Legislator dari Papua Barat ini menjelaskan, data dari intelijen sangatlah penting bagi aparat penegak hukum baik itu TNI-Polri untuk melakukan penindakan. 

Terlebih lagi, adanya serangkaian aksi teror terjadi belakangan ini dituding karena peran intelijen tidak berfungsi maksimal.

"Beberapa kejadian rentetan aksi teror terjadi karena kita kerap kali menyalahkan inteleijen yang tidak punya data dan sebagainya sehingga satu pihak satu sama lain saling menyalahkan. Karena itu kenapa peran intelijen tidak ada sama sekali dalam UU Teorisme baru disahkan ini," ujarnya. 

Sebelumnya, DPR bersama pemerintah hari ini akan mengambil keputusan pengesahan mengenai revsisi UU Terorisme akan disahkan menjadi UU pada rapat paripurna.

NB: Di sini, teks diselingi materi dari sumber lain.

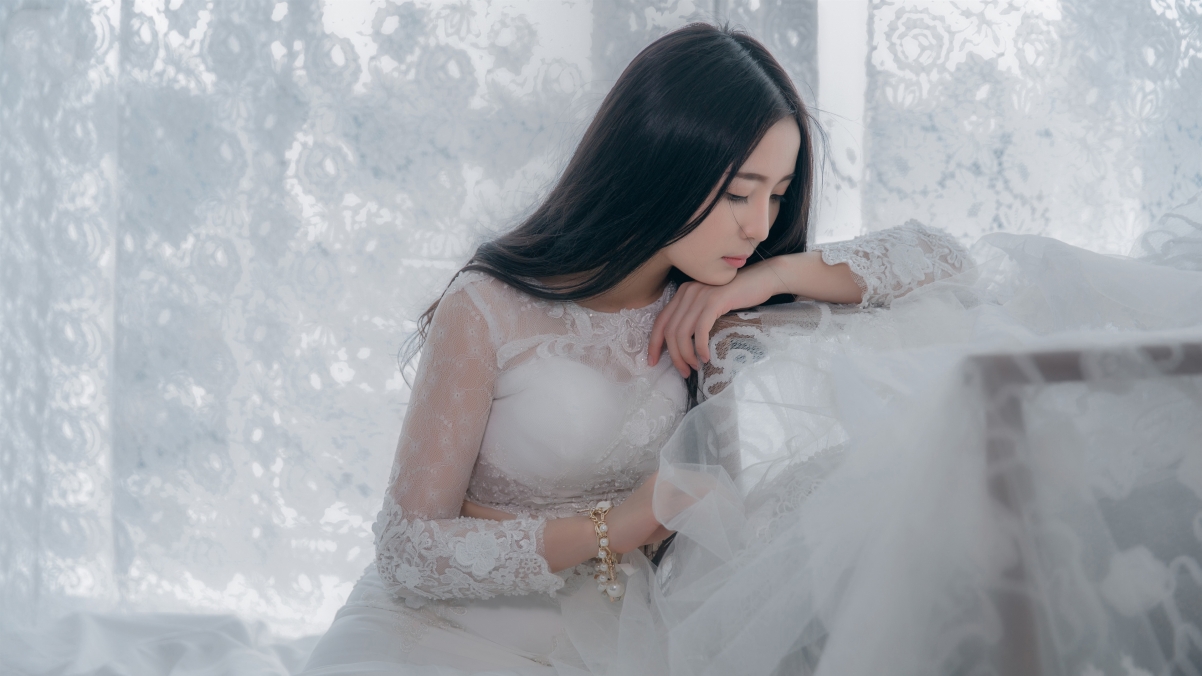Bride beauty white lace dress 4k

Sebelum seluruh anggota DPR menyetujui pengesahan RUU Terorisme. Pimpinan sidang paripurna di ketuai Wakil Ketua DPR Agus Hermanto meminta kepada Ketua Pansus Terorisme M Syafi’i membacakan laporan hasil rapat sinkronisasi telah dilakukan oleh pansus maupun pemerintah selama beberapa hari terakhir.

Syafii mengatakan, mereka telah mengadakan rapat dengan sejumlah pihak terkait. Mulai dari pemerintah maupun ormas dan LSM, disebut Syafii dimintai pendapat.

“Kapolri, Komnas HAM, Kemenag, Setara Institute, ICJR,” ujar Syafii dalam membacakan laporan dihadapan sidang paripurna DPR, di gedung DPR, Jumat (25/5/2018).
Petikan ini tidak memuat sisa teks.